-- Task prompt --
Pictures stay out, but every line of the data is copied exactly.

========

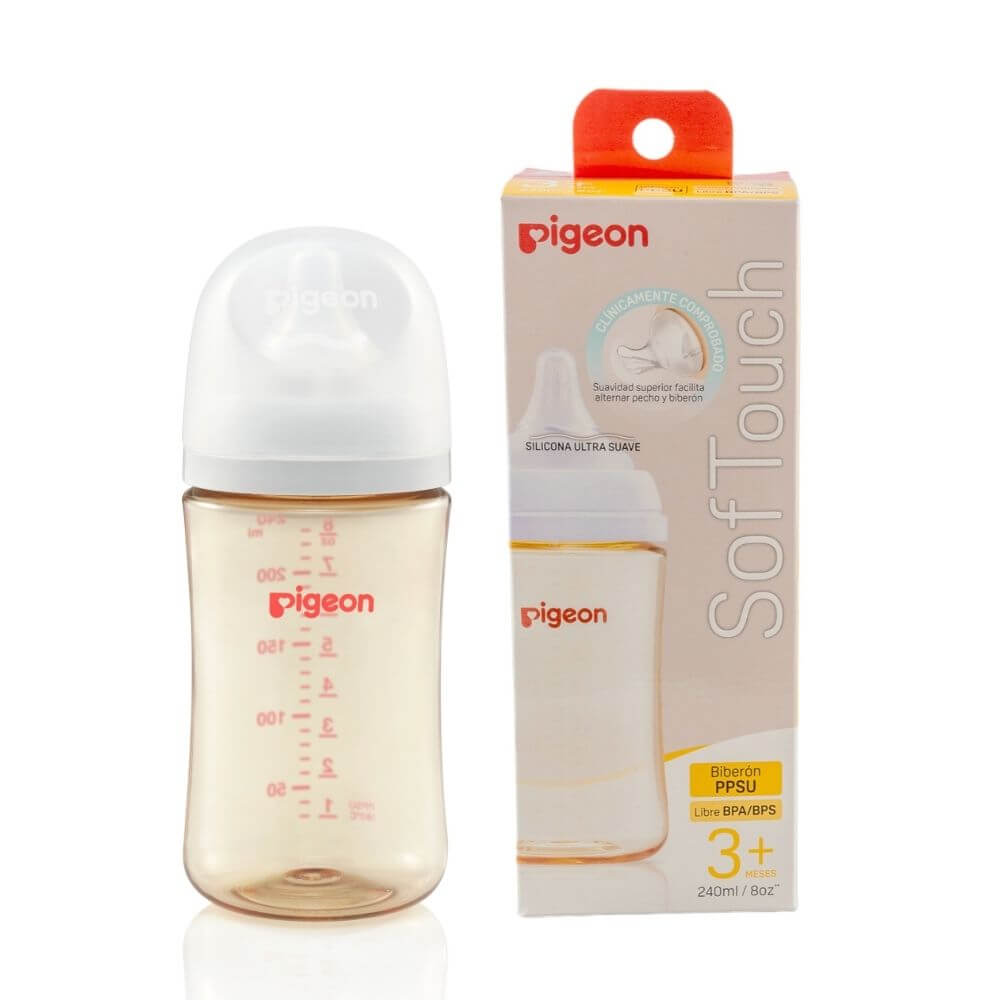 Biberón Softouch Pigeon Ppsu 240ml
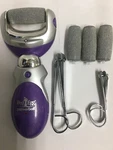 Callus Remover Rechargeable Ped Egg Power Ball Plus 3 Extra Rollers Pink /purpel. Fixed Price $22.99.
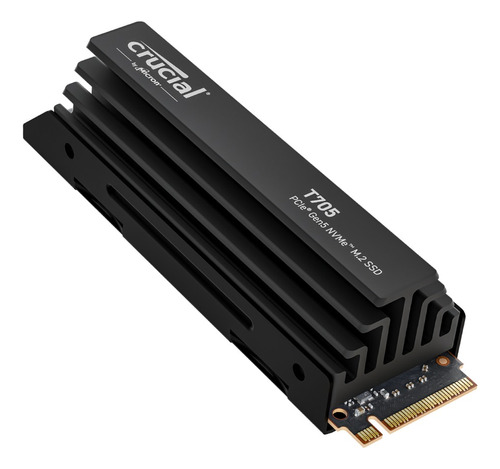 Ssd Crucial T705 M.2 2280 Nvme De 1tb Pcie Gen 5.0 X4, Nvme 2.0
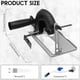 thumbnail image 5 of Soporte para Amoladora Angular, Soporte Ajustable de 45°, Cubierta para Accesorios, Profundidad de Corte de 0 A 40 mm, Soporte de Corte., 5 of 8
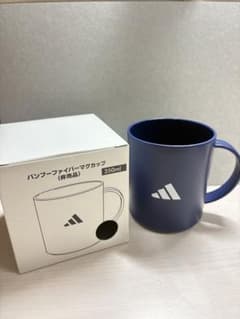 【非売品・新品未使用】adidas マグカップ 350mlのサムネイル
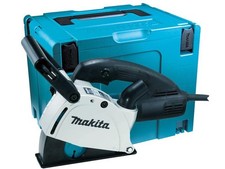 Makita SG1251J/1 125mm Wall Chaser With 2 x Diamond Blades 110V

========

-- Result --
 Biberón Softouch Pigeon Ppsu 240ml
 Callus Remover Rechargeable Ped Egg Power Ball Plus 3 Extra Rollers Pink /purpel. Fixed Price $22.99.
 Ssd Crucial T705 M.2 2280 Nvme De 1tb Pcie Gen 5.0 X4, Nvme 2.0
 thumbnail image 5 of Soporte para Amoladora Angular, Soporte Ajustable de 45°, Cubierta para Accesorios, Profundidad de Corte de 0 A 40 mm, Soporte de Corte., 5 of 8
 【非売品・新品未使用】adidas マグカップ 350mlのサムネイル
 Makita SG1251J/1 125mm Wall Chaser With 2 x Diamond Blades 110V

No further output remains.